Certain people who have at the church here in Feltham still call me “Pastor”. Now, as a general principle I accept that as a courtesy and largely do not recoil from it. In fact it can be quite heart-warming in that it indicates people’s affection for myself and what I have sought, in my own little way, to do to help them.
However, there are others who have moved on because they rejected my counsel and teaching. They rejected the care that was offered to them. In a sense they decided that they did not want me to pastor them. So why do they till call me “Pastor” when by their actions they have indicated that they did not want me to pastor them? Perhaps I might pick them up on it when it next happens.
Last week was a big week for me; I was in Ethiopia. It was my first time ever in Africa and, all in all, it was a big week. Upon returning to the UK it has been curious to observe responses (or non-responses) from people I have met. Through being away I have lots that has impacted my heart, mind and general well-being. There are things I am interested to share with people. But how many people are interested?

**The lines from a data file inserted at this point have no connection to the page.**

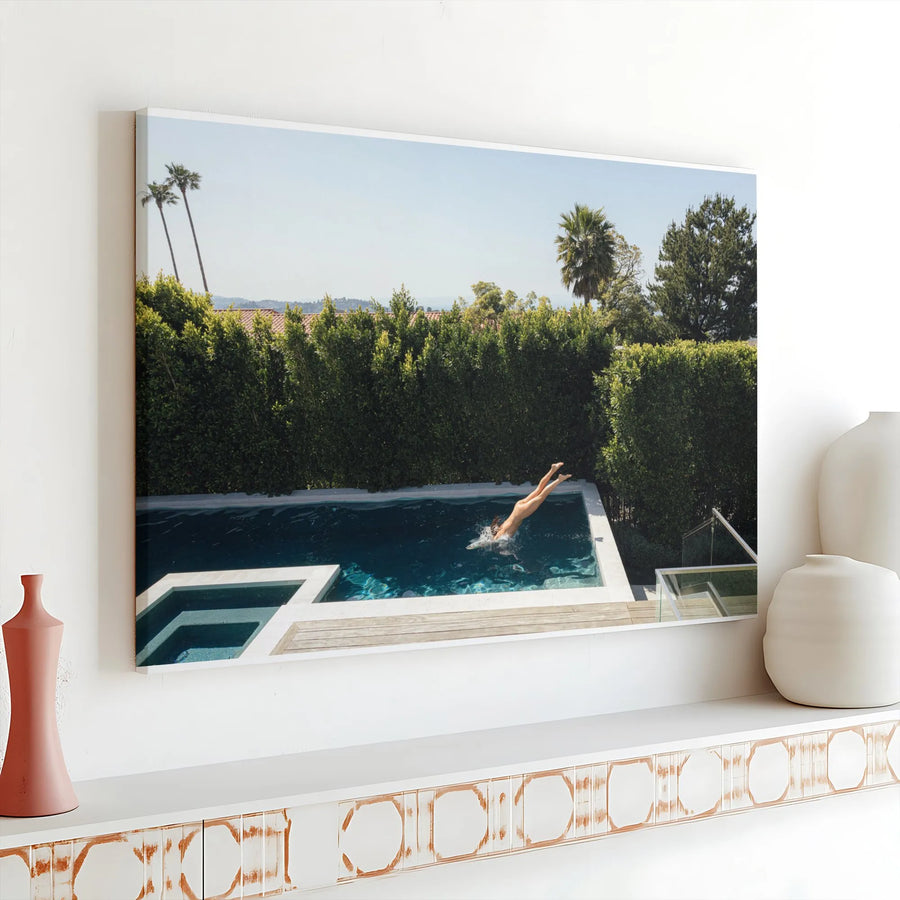 Summer Dive Canvas Wall Art | Woman Diving Into Luxury Pool Photo | Premium Fade-Resistant Print | Modern Living Room Decor Collector's Gift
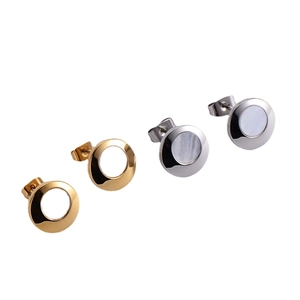 Round Stud Earrings Stainless Steel White Shell Inlay Minimalist Geometric Fashion Jewelry For Women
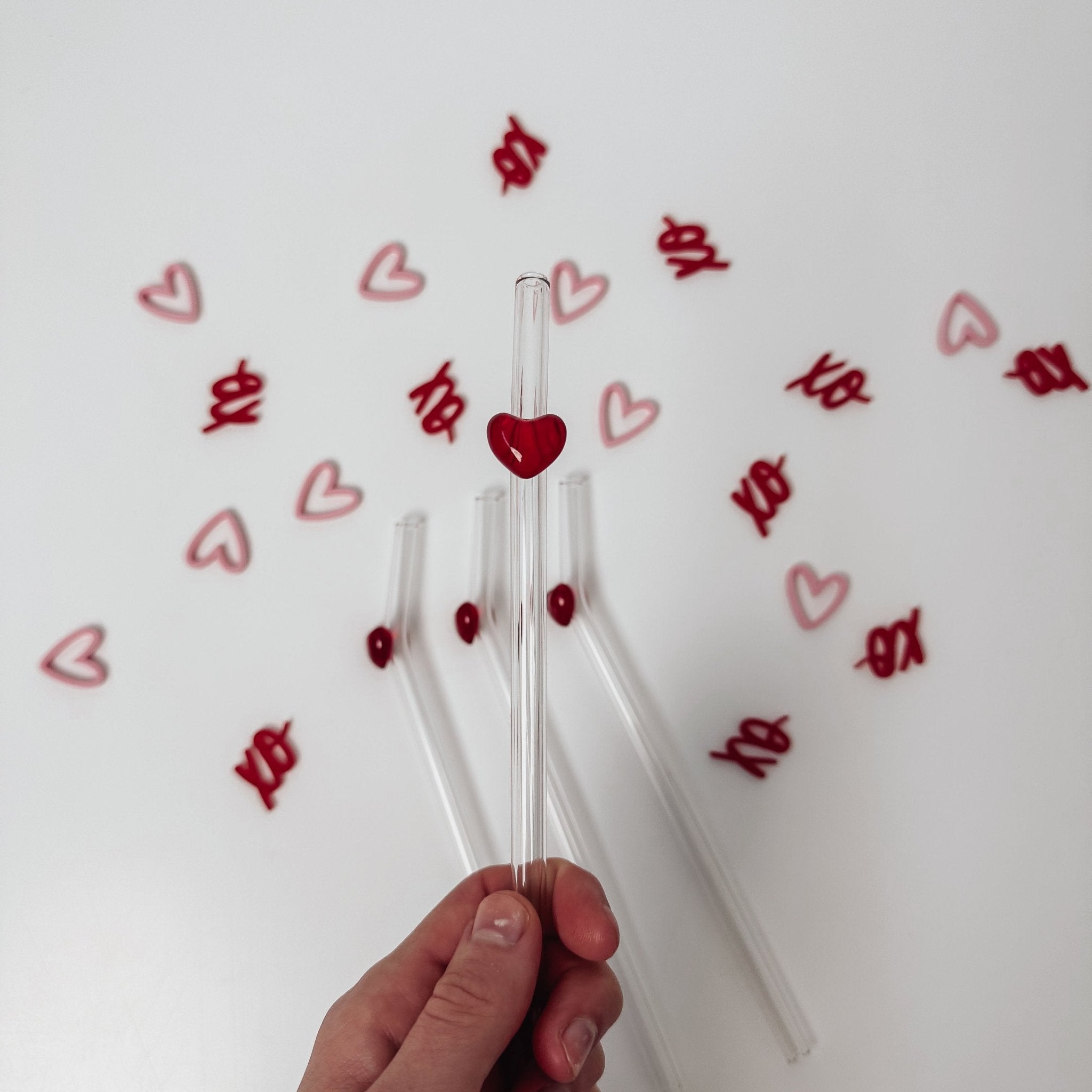 Strohhalme Herzen aus Glas – Rot oder Rosa - lyllevenn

First of all, I want to concentrate on how we show interest in people who have things on their heart that they want to talk about. Perhaps they have been on holiday or simply something big has happened to them. What we need to be is prayerfully sensitive in all our dealings with all people so that we can discern whether people have things in their recent experience they want to talk about. Is there something this person would be encouraged by if I asked them about it? Ponder upon what has been in their life recently. This requires the ability to listen and to ask appropriately probing questions which display your interest.
Generally, if someone does not ask about an experience then the assumption is that they are not interested in what has happened to the other person. Questions do not have to be complicated. Just a simple “How did you get on on your holiday?” can be sufficient.
After asking the question then there is the responsibility to lovingly listen. It may be that you have to shut someone down if they are going on ad nauseum. But strengthening of relationships and encouragement can all ensue from taking an interest in someone and what they have experienced and then listening well.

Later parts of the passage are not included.